> **Prompt**:
Quote exactly and only this range of lines in the data below: the line that holds "Beneficios del co-wash" to the line that holds "LOCATION!! Just 1", both included.

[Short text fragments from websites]
[Start of Attachment]
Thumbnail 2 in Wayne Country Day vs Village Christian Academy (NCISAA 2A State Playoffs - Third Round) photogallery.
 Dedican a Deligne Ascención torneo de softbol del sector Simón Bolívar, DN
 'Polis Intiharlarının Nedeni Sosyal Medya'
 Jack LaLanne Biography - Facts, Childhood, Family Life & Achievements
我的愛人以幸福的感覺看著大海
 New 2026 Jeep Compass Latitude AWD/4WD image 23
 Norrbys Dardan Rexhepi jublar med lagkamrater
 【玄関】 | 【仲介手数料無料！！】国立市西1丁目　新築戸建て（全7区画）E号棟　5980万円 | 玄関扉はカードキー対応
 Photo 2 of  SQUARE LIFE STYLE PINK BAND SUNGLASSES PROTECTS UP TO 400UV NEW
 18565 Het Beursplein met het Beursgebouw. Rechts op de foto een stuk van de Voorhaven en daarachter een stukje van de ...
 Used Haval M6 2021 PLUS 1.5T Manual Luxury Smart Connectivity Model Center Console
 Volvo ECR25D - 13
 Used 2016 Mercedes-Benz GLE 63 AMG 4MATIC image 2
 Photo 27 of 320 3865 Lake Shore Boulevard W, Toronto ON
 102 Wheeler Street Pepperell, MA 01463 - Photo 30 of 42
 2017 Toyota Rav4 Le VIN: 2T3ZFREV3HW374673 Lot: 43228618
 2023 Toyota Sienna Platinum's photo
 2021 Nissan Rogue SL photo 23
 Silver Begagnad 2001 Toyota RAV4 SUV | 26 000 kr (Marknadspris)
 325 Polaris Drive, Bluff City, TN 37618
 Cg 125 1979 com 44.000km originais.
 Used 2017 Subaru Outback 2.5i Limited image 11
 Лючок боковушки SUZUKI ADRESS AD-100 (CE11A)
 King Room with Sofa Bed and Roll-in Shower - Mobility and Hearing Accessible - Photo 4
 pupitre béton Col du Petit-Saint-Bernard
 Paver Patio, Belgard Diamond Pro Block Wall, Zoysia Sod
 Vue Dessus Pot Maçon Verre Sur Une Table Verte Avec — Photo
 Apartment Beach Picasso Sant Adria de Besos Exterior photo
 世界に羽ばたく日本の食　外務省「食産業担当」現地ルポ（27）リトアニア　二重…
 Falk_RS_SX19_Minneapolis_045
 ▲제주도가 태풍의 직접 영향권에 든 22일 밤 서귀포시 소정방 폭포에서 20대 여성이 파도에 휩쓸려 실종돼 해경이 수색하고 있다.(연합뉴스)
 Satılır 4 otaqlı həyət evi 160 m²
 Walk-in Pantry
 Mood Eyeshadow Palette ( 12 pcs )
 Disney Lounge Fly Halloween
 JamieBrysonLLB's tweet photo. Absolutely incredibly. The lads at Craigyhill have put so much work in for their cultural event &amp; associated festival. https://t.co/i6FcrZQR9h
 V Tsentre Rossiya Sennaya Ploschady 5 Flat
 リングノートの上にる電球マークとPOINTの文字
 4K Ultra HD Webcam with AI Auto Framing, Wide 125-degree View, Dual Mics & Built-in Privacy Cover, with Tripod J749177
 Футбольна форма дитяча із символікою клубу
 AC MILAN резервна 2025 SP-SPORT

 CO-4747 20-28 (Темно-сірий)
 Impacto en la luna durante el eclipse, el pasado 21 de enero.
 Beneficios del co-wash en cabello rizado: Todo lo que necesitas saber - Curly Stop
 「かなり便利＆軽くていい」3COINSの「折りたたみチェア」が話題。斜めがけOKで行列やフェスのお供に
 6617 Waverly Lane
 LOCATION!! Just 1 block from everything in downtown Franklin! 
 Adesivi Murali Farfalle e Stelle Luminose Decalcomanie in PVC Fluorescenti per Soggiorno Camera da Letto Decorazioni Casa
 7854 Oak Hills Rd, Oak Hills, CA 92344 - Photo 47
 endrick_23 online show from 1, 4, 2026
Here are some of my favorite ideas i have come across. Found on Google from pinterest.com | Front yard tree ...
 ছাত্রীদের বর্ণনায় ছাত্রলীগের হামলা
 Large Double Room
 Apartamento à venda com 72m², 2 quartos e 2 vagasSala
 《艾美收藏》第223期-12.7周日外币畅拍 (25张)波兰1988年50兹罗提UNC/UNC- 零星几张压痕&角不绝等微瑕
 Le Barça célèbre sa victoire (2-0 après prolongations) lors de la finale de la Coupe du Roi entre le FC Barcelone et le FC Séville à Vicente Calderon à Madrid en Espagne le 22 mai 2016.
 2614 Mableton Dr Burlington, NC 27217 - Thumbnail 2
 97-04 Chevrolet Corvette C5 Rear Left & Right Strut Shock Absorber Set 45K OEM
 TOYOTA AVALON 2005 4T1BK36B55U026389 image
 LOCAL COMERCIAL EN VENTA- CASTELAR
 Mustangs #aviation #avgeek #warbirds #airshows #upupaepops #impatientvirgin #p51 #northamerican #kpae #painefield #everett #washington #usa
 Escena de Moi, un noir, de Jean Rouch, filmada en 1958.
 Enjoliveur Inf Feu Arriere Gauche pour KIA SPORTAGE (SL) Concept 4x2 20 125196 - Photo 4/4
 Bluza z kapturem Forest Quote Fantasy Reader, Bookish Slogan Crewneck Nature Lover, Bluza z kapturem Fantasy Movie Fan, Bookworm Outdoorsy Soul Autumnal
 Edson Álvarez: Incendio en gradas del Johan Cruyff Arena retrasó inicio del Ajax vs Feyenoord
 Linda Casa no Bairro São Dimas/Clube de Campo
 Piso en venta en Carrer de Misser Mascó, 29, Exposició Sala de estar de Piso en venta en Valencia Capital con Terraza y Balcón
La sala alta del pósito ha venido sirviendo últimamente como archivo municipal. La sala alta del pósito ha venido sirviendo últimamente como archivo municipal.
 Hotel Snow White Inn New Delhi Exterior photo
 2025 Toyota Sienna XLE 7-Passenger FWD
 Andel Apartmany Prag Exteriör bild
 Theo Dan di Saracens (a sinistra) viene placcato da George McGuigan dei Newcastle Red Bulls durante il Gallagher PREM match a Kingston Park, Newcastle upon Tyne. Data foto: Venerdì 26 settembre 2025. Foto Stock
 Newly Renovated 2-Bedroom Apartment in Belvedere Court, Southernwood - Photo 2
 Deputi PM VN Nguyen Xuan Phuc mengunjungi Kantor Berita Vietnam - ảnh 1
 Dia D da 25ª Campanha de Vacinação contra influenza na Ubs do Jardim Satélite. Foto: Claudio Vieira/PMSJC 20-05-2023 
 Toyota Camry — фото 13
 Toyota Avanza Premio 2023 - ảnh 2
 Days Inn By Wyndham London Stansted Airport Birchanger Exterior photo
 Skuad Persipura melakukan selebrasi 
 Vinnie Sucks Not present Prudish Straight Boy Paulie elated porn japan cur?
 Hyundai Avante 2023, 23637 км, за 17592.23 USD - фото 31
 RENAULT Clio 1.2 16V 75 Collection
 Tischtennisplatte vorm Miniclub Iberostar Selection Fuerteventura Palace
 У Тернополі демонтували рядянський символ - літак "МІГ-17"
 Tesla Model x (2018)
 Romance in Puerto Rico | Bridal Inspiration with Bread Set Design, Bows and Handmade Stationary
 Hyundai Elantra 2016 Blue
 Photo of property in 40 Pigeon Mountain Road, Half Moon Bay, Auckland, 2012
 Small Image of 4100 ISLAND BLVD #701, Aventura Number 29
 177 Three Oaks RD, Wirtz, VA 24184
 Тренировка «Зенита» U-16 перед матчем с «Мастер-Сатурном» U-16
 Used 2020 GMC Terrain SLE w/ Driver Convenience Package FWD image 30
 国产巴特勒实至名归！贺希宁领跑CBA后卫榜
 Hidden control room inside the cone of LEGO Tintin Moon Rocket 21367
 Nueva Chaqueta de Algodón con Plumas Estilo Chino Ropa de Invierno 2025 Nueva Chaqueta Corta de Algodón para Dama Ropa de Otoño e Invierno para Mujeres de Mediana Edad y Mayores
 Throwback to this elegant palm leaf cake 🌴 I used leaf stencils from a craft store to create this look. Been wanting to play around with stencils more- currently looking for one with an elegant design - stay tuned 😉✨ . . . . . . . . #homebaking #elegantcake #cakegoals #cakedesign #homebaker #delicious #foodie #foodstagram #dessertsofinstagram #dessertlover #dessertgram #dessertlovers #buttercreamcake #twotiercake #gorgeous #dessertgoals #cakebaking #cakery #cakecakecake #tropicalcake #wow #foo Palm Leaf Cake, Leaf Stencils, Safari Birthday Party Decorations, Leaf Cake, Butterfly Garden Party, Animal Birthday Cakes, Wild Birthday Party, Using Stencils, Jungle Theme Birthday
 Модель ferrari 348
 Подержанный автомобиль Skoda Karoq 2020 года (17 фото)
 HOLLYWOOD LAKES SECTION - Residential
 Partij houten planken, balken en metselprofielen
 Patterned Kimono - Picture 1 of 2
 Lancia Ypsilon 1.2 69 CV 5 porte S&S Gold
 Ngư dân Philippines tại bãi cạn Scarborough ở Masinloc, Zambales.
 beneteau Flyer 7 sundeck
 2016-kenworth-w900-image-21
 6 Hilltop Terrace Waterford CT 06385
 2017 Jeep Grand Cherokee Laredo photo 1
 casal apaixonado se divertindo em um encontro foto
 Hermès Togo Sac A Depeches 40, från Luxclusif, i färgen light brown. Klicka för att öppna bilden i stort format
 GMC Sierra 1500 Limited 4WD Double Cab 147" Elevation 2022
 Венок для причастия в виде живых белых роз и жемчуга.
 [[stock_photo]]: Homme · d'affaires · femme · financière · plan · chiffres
[End of Attachment]
> **Output of the task**:
 Beneficios del co-wash en cabello rizado: Todo lo que necesitas saber - Curly Stop
 「かなり便利＆軽くていい」3COINSの「折りたたみチェア」が話題。斜めがけOKで行列やフェスのお供に
 6617 Waverly Lane
 LOCATION!! Just 1 block from everything in downtown Franklin! 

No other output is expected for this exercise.